§ **Exercise requirements**
Skip every picture and copy only the lines from the one containing "Here are the" to the final line of the records below.

§ **Data in this exercise**

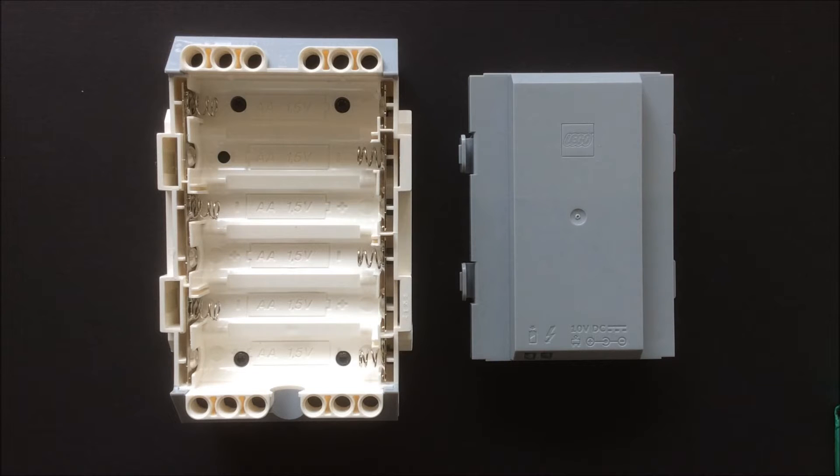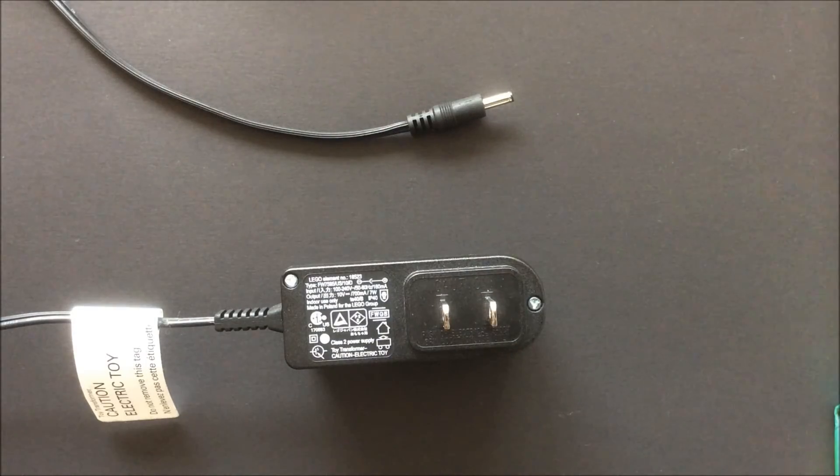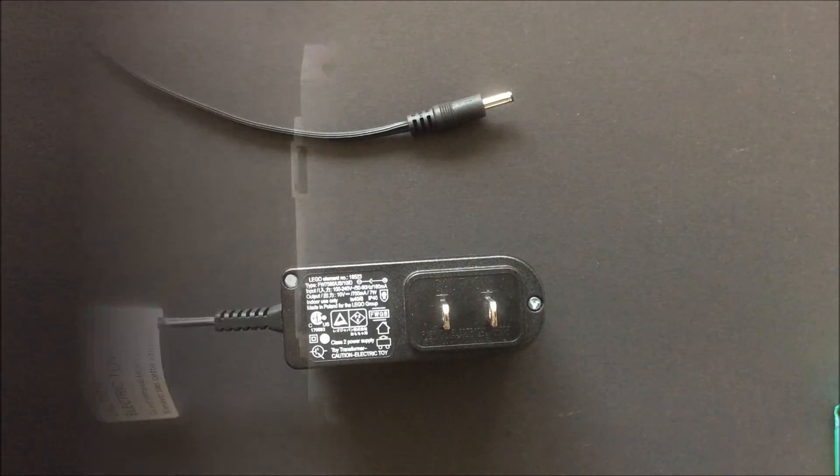I would imagine the EV3 would eat through AA batteries really fast, particularly if you're running the motors. Be aware if you are planning on getting the rechargeable battery, the charging cable is not included and must be purchased separately.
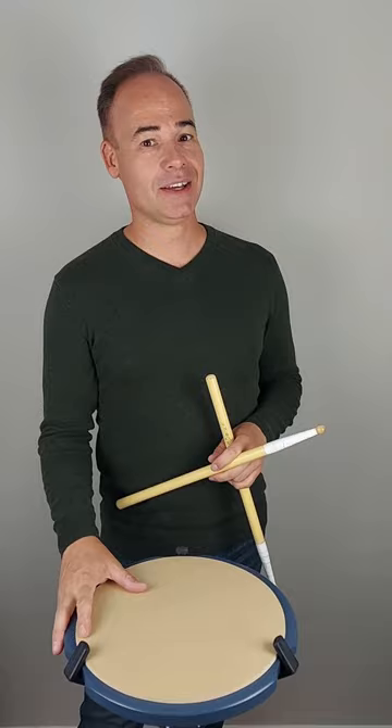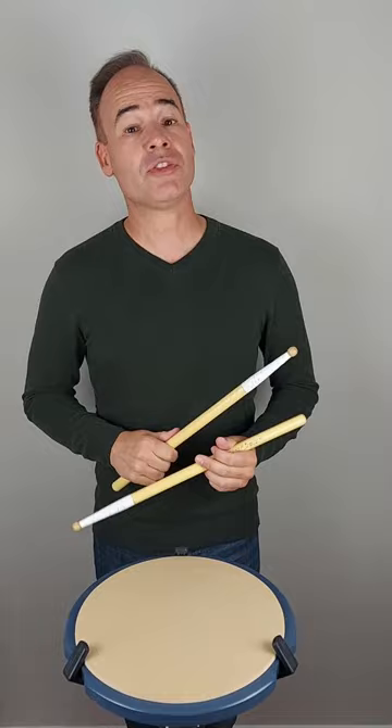Our Cicada Pad is based on our snare pad, completely handmade, locally sourced materials, and hidden inside we have some really nice metal BBs. Those are going to rattle together to make that buzz sound like a cicada bug.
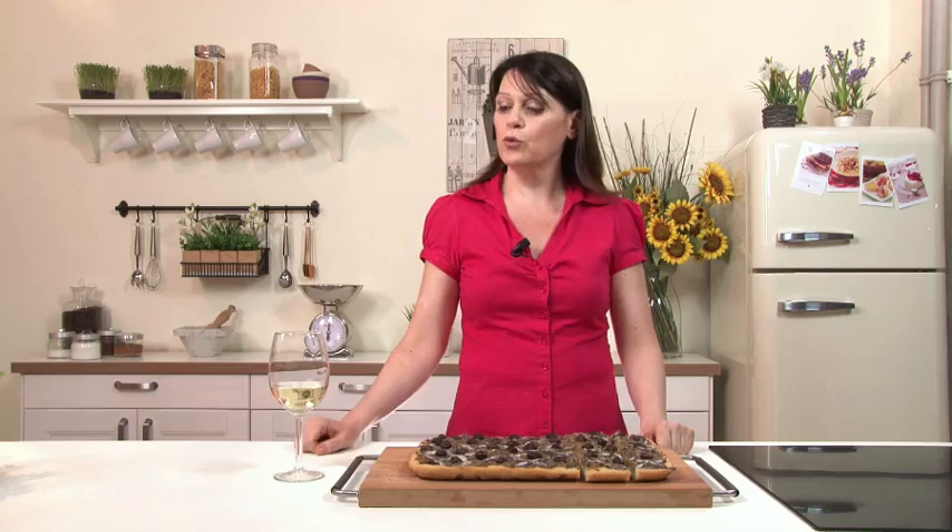Our pissaladière is ready. It's a great appetizer idea, perhaps served with a glass of cool white wine. See you next video recipe.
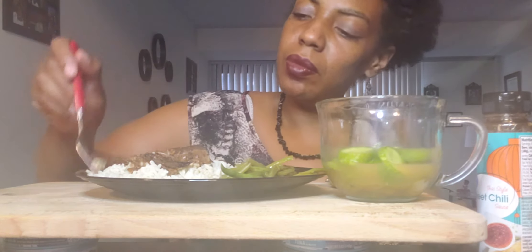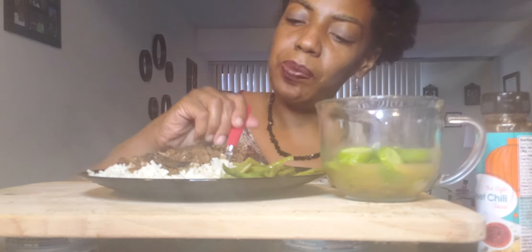My string beans are just frozen string beans in a bag. When I cooked them, I cooked them with this stuff. Mmm, that's so good. I need to eat a little bit first because I am going to talk to you all today. I got story time for y'all. I'm going to talk to you all about...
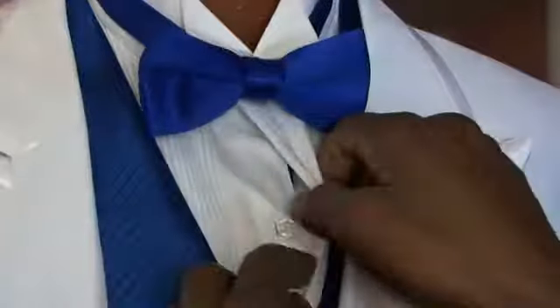Hi, I'm Julius of Accent Bridal and Tuxedo, and today I'll be telling you about how to button a tuxedo shirt.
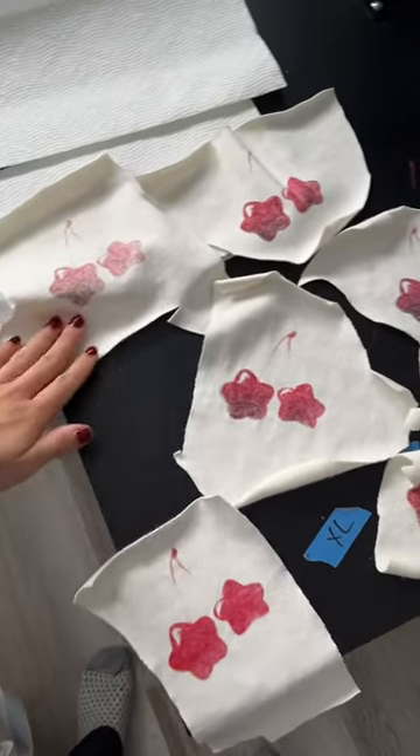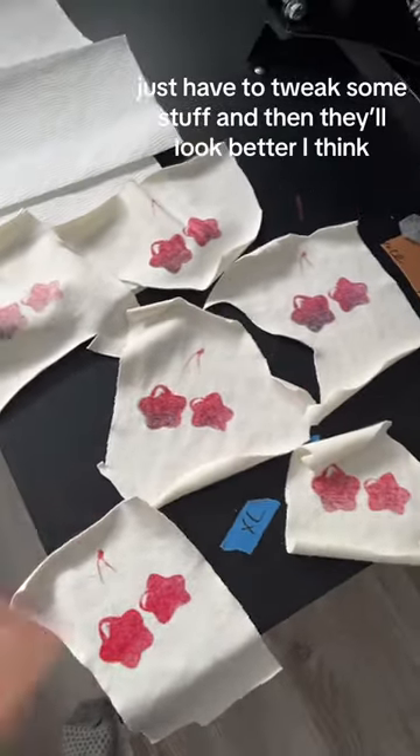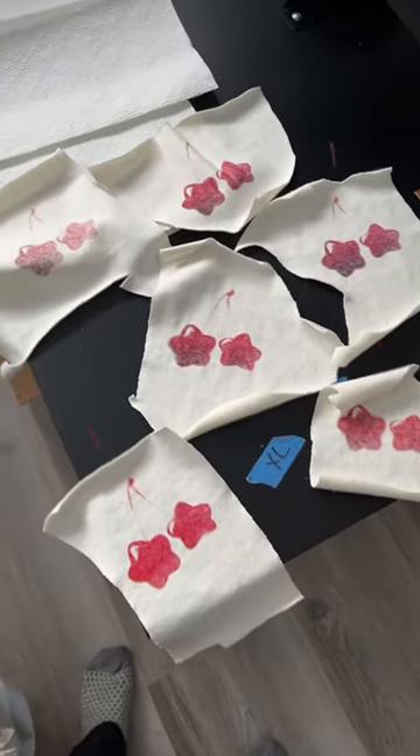Here are the samples. The first couple prints are kind of not that saturated. I only did a few, but I'm going to do some more tomorrow. I'm excited — they look okay.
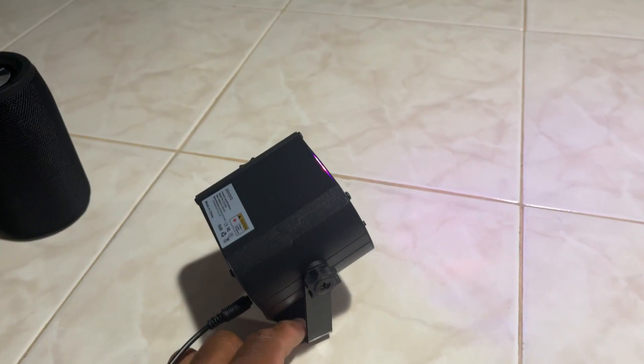All in all, this is really cool — it's even freaking my dog out a little bit! But guys, this is really cool to have, and if you've been looking at this disco light, I hope this video was helpful to you.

§ **Result of this task**
Here are the samples. The first couple prints are kind of not that saturated. I only did a few, but I'm going to do some more tomorrow. I'm excited — they look okay.
All in all, this is really cool — it's even freaking my dog out a little bit! But guys, this is really cool to have, and if you've been looking at this disco light, I hope this video was helpful to you.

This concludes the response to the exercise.